Une barrière additionnelle pour les élèves allophones
La pandémie a amplifié le retard académique des élèves allophones, qui doivent déjà composer avec la barrière de la langue à laquelle s’ajoutent parfois des difficultés d’apprentissage. Le confinement et le port du masque n’ont pas arrangé un phénomène déjà constaté hors de la crise sanitaire.
En temps normal, les élèves issus de l’immigration qui ne parlent pas le français à l’extérieur de l’école ont un retard à rattraper à la rentrée scolaire.
«Ça se voit dans le vocabulaire manquant des élèves. Il va y avoir aussi un manque de compréhension orale», relate l’enseignante auprès d’élèves allophones à l’École Simonne-Monet, Lola Fredj.
Certains reviennent même en classe avec un accent qu’ils n’avaient pas avant les vacances d’été, ajoute-t-elle.
Les cinq mois de confinement ont amplifié le problème. «J’ai l’exemple d’une de mes élèves qui était en classe d’accueil l’année passée. Évidemment, elle n’a pas fini sa classe d’accueil. J’imagine qu’elle a fait ce qu’elle a pu, mais ce n’est clairement pas pareil qu’en mars», explique Mme Fredj.
Barrière du masque
L’enseignante souligne que le port du masque et de la visière rendent la compréhension encore plus difficile.
«C’est clair que c’est une barrière supplémentaire, déclare-t-elle. Ils nous entendent moins. On se retrouve à devoir hurler des fois.»
En plus d’étouffer le son, le masque cache les expressions faciales. «Souvent, les élèves non francophones vont essayer de nous comprendre à travers les mimiques. Ils vont voir si on est fâché, content ou surpris. Mais là, ils ne les voient pas», précise Mme Fredj.
Pénurie de personnel
Pour rattraper leur retard, les élèves allophones ont besoin de ressources supplémentaires, pensent les intervenants consultés par Métro.

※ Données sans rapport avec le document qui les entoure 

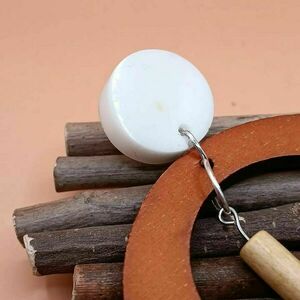 Wooden Collection - Boho σκουλαρίκι με ξύλινο κρίκο και καρφωτό στοιχείο από υγρό γυαλί 8 εκ. - καφέ/λευκό - ξύλο, γυαλί, κρίκοι, boho, μεγάλα - 2
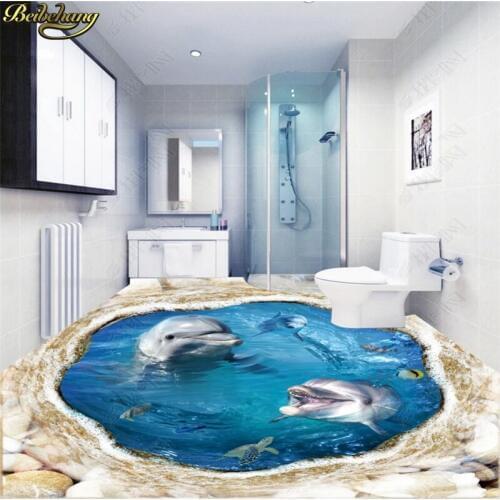 Beibehang papel de parede 3d Custom Photo Wallpaper Floor Stickers Art Dolphin Undersea 3D Flooring wall papers home decor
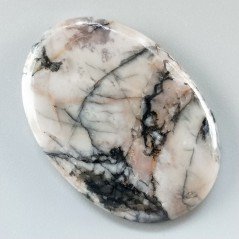 Diaspro Maligano Grigio Naturale Forma Ovale Piatto Cabochon Liscio Fatto a Mano 44X31X5mm 11,90gm 1pz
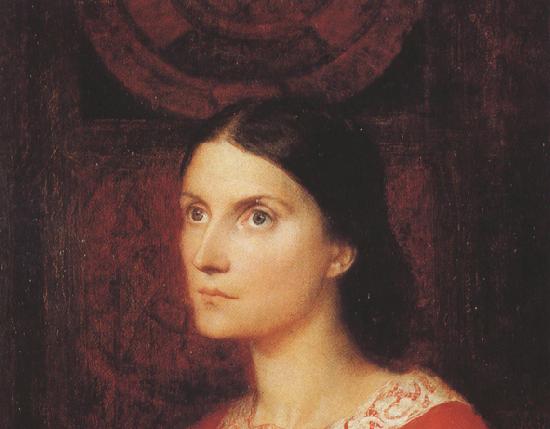 George Frederick watts,O.M.,R.A. Portrait of Lady Wolverton,nee Georgiana Tufnell,half length,earing a red dress (mk37) oil painting image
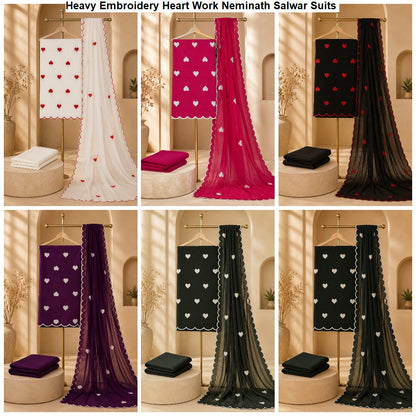 Heavy Embroidery Heart Work Neminath Rayon 14Kg Salwar Suits Supplier Ahmedabad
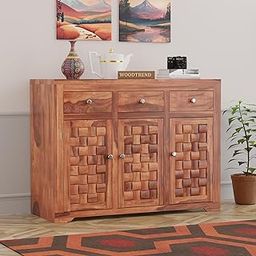 SHUBHANKAR ART Solid Sheesham Wood Sideboard Cabinet with 3 Drawer and 3 Door Storage for Living Room Home and Office (Natural Finish)-image-93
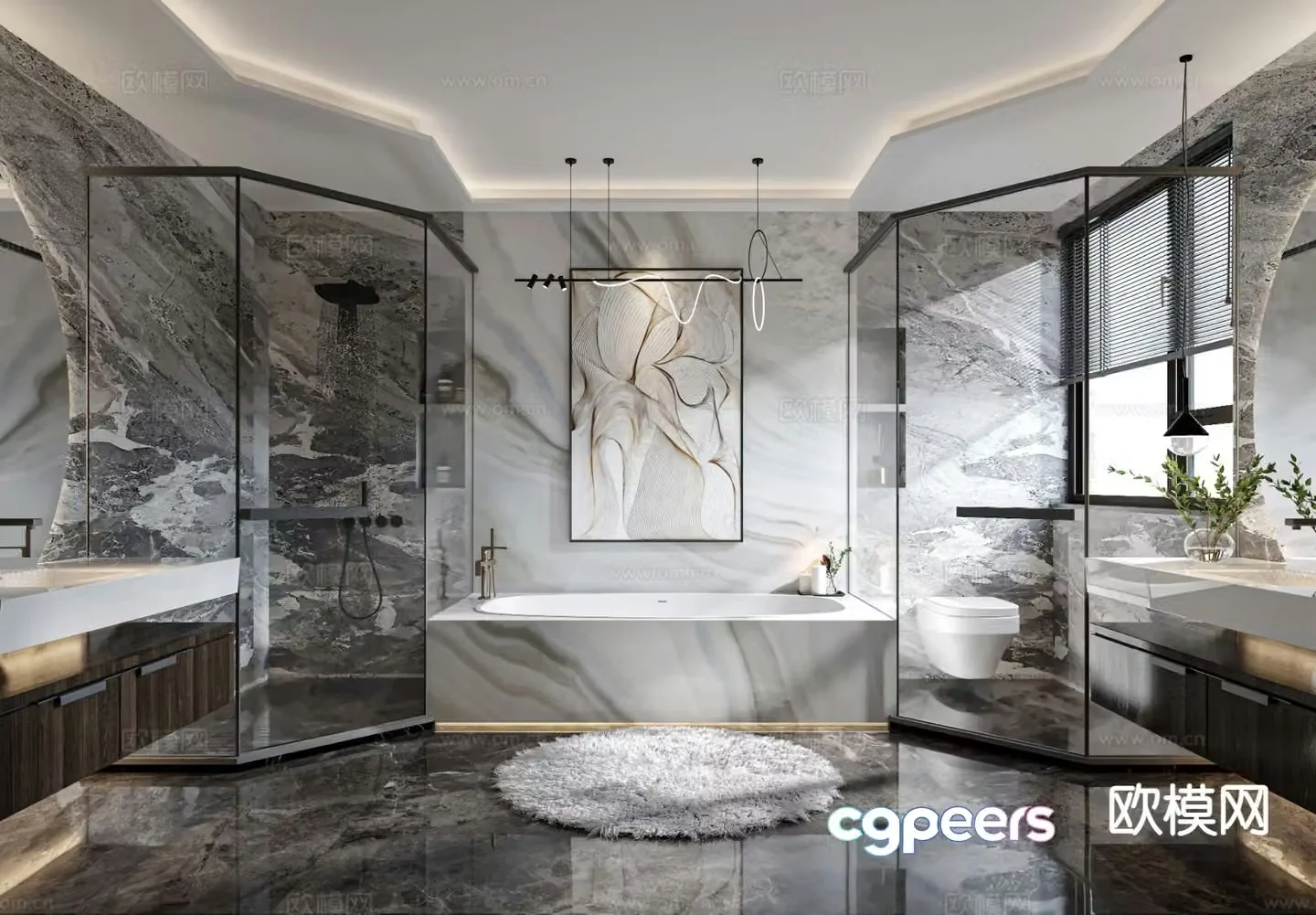 Modern bathroom bathroom 3d model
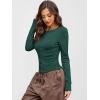 image:imageANRABESS Women Long Sleeve Button Down Shirts Ribbed Knit Slim Fitted Crop Tops 2026 Fall Y2K Dressy Casual Trendy OutfitsDeep Green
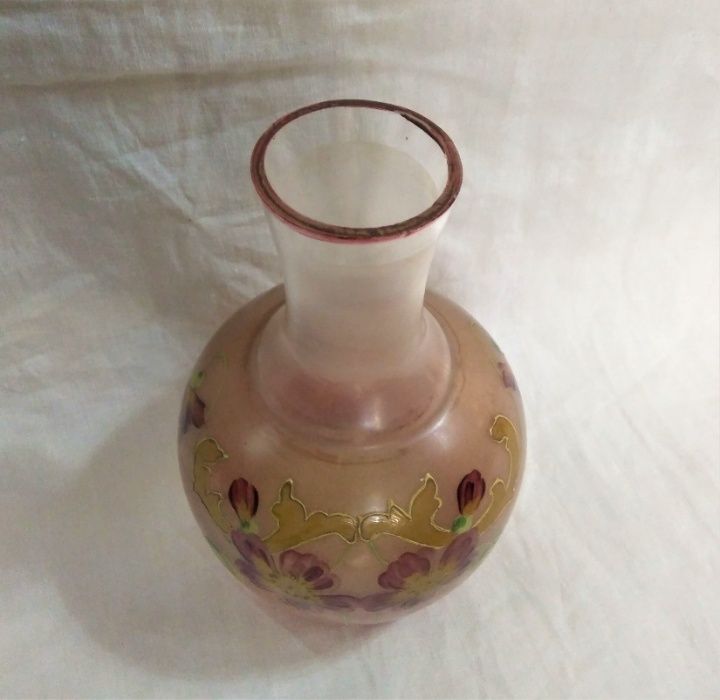 Jarra Vidro Pintada Mão 18cm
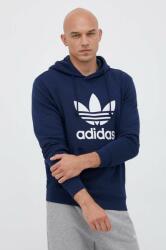 Adidas pamut melegítőfelső sötétkék, férfi, nyomott mintás, kapucnis - sötétkék L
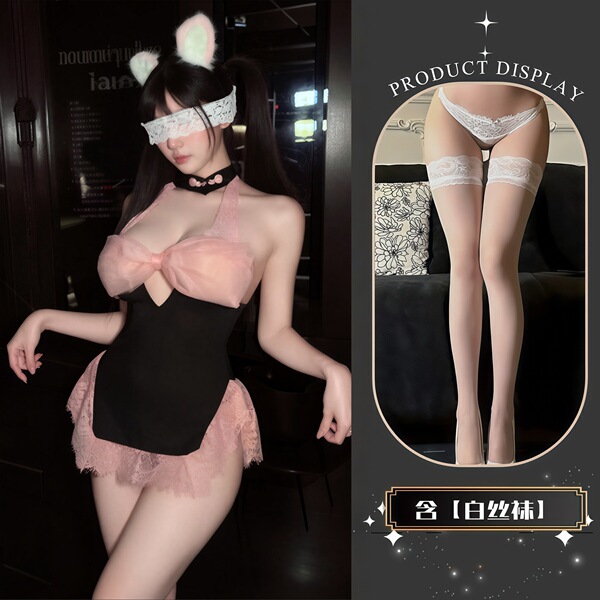 QQNY Pure Allure Sleepwear Set – Elegant Sensual Lingerie for Women, Luxury Bedroom Wear - Maid outfit + white stockings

Or, avec la pénurie de personnel généralisée sur l’île de Montréal, les services sont déjà limités, indique l’orthopédagogue Karyne Beaudoin, qui a d’ailleurs été affectée à l’enseignement pour répondre au manque de professeurs.
«Ce sont des élèves qui, malheureusement, vont être échappés, pense-t-elle. On les a laissés à eux-mêmes beaucoup trop longtemps. Et vu qu’il n’y a pas assez de services dans les [centres de services scolaires], ça fait en sorte que le clivage devient de plus en plus grand.»
Pour la présidente de l’Alliance des professeurs de Montréal, Catherine Beauvais-St-Pierre, la principale solution à la pénurie de personnel est d’améliorer les conditions de travail des enseignants, surtout ceux de la métropole.
«On le crie souvent qu’on a des spécificités à Montréal justement au niveau des élèves allophones, mais aussi des élèves défavorisés et ceux ayant des besoins particuliers, dit-elle. On a beaucoup d’élèves qui correspondent à un de ces environnements-là, ou même parfois aux trois en même temps.»
Avec un manque d’orthopédagogues, de psychoéducateurs et d’orthophonistes, la tâche devient encore plus lourde pour les enseignants.
«Cela fait qu’il y en a encore plus qui décident de changer de job», relate Mme Beauvais-St-Pierre.
Pistes de solutions
Selon Lola Fredj, il n’est jamais trop tard pour rattraper le retard, mais cela dépend énormément de la volonté de la famille et de la résilience de l’élève.
«À la rentrée, on a vu des élèves démotivés qui ont de la difficulté à revenir à la langue française. C’est triste parce que ces élèves n’ont pas nécessairement collaboré durant la pandémie et lors de l’école à distance.» – Karyne Beaudoin, orthopédagogue
Par exemple, des parents qui suivent des cours de français auront un impact positif sur l’enfant. «S’il voit que son parent fait l’effort, ça va rapidement être plus pertinent pour lui de faire l’effort», dit-elle.
Cependant, Mme Fredj sait que la majorité des parents nouvellement arrivés au Canada doivent travailler presque sept jours sur sept et n’ont pas toujours le temps.
«Mais je demande toujours que la télévision et la radio soient en français. Tout l’univers de l’élève doit être en français», explique-t-elle.